These days, you don't need to be an engineer to know what a lithium-ion battery is. Half the country now knows that lithium-ion chemistries played a role in fires aboard Boeing's 787 Dreamliner. The term has been used in newspapers, on television news programs, and on tens of thousands of websites around the world.
So it's probably inevitable that much of the public is now making the connection between Boeing's fires and electric vehicles. And news organizations are helping make that connection.

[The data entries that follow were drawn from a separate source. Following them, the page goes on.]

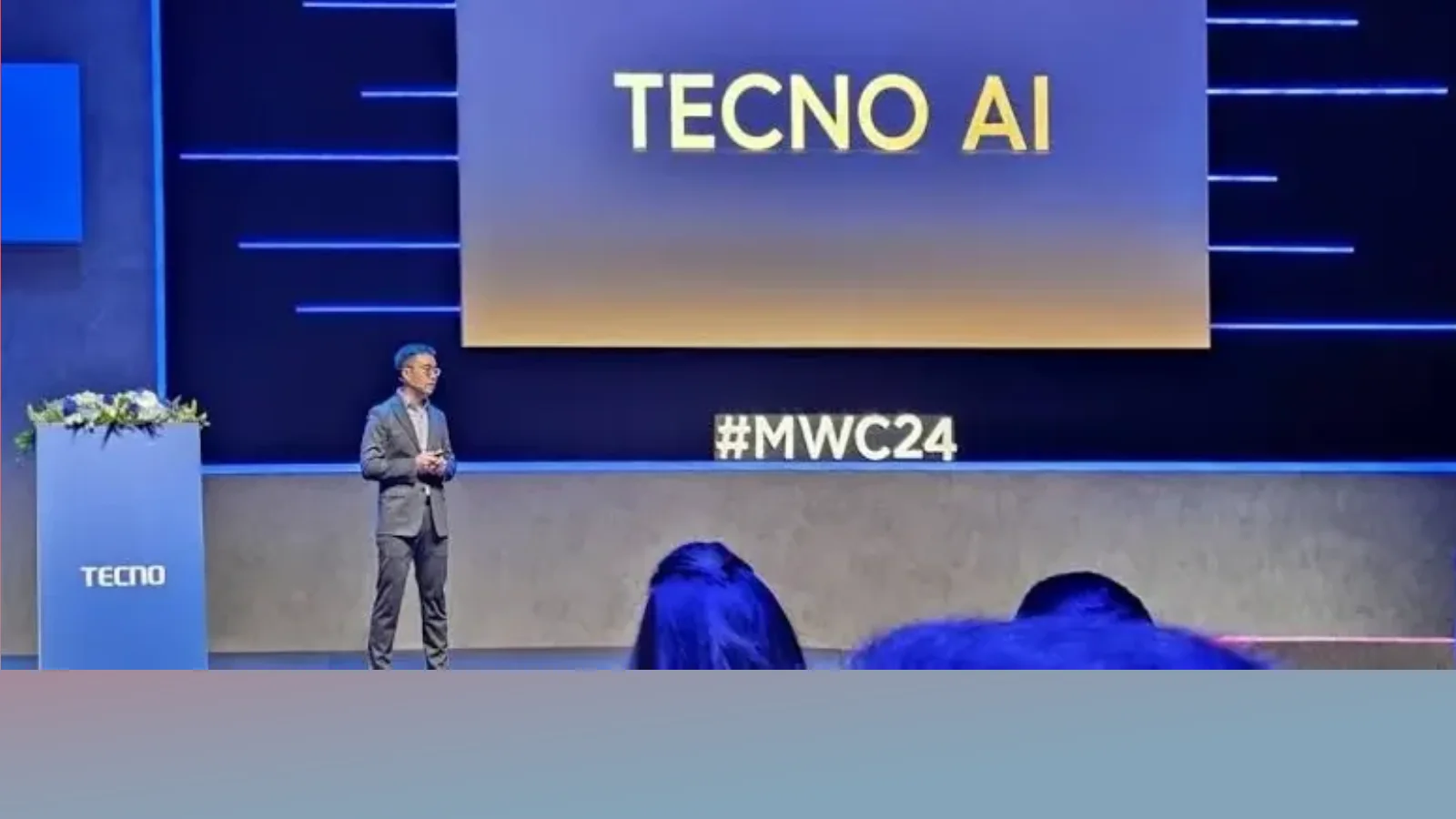 Tecno AI Introduced Heres Whats New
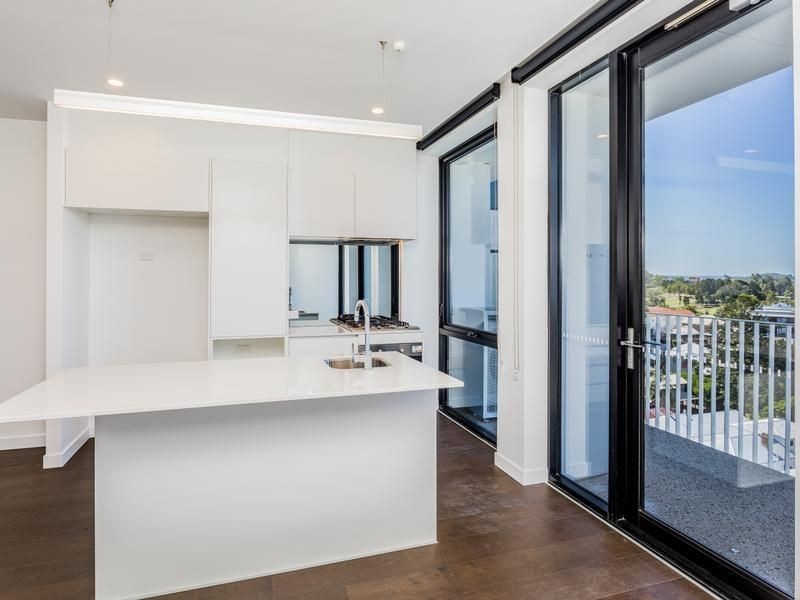 912/477 Boundary Street, Spring Hill QLD 4000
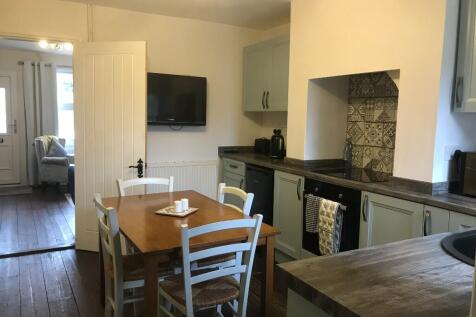 Kitchen/Bkfstrm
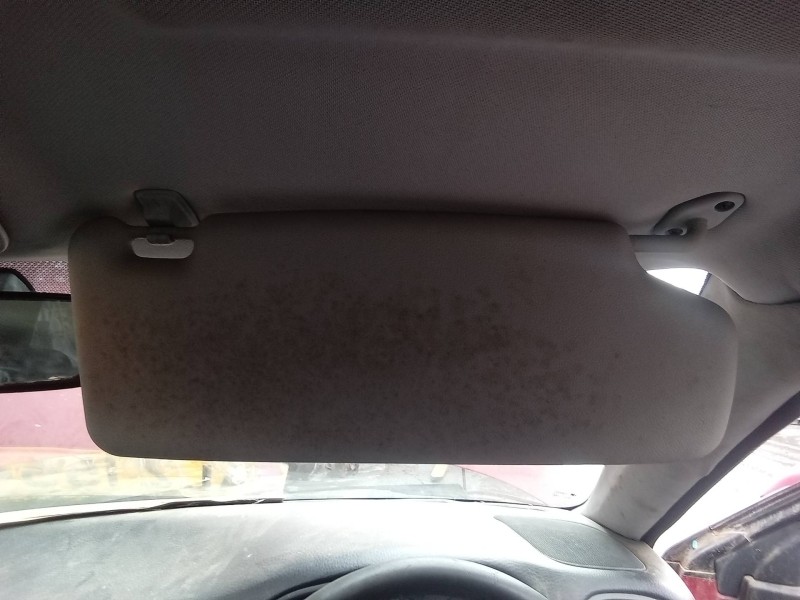 Recambio de parasol derecho para volvo v40 familiar 2.0 16v cat referencia OEM IAM 30800724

A recent NBC News story asked whether Boeing's woes would "short-circuit" electric cars. Numerous other news sites have tracked the stock market effects of the debacle on electric vehicle manufacturers. And a Chicago Tribune story about imported products even used a graphic depicting burning bread in a toaster with Boeing's name on it. A caption under the photo asked, "...what might be expected of lithium-cobalt oxide batteries?"
Boeing's batteries overheated and burned (left) onboard a 787 (right), but that shouldn't be an indictment of lithium-ion chemistries. (Source: NTSB, left; Boeing, right)

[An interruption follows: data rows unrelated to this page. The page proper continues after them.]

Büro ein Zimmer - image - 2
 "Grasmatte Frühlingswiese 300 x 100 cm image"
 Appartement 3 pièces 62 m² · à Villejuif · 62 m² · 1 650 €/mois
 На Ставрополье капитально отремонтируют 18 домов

If all of that is beginning to sound like an indictment of lithium-ion batteries, then that's a shame.
Yes, it's true that today's electric cars and plug-in hybrids use lithium-ion batteries. And it's true that lithium-ion is more prone to overheating than, say, lead-acid or nickel-metal hydride chemistries. But the term that too often gets left out of these discussions is "engineering." This is what engineers do. It's what they're good at. They take energy sources and make them do work. And if they do their jobs right, then they do it safely.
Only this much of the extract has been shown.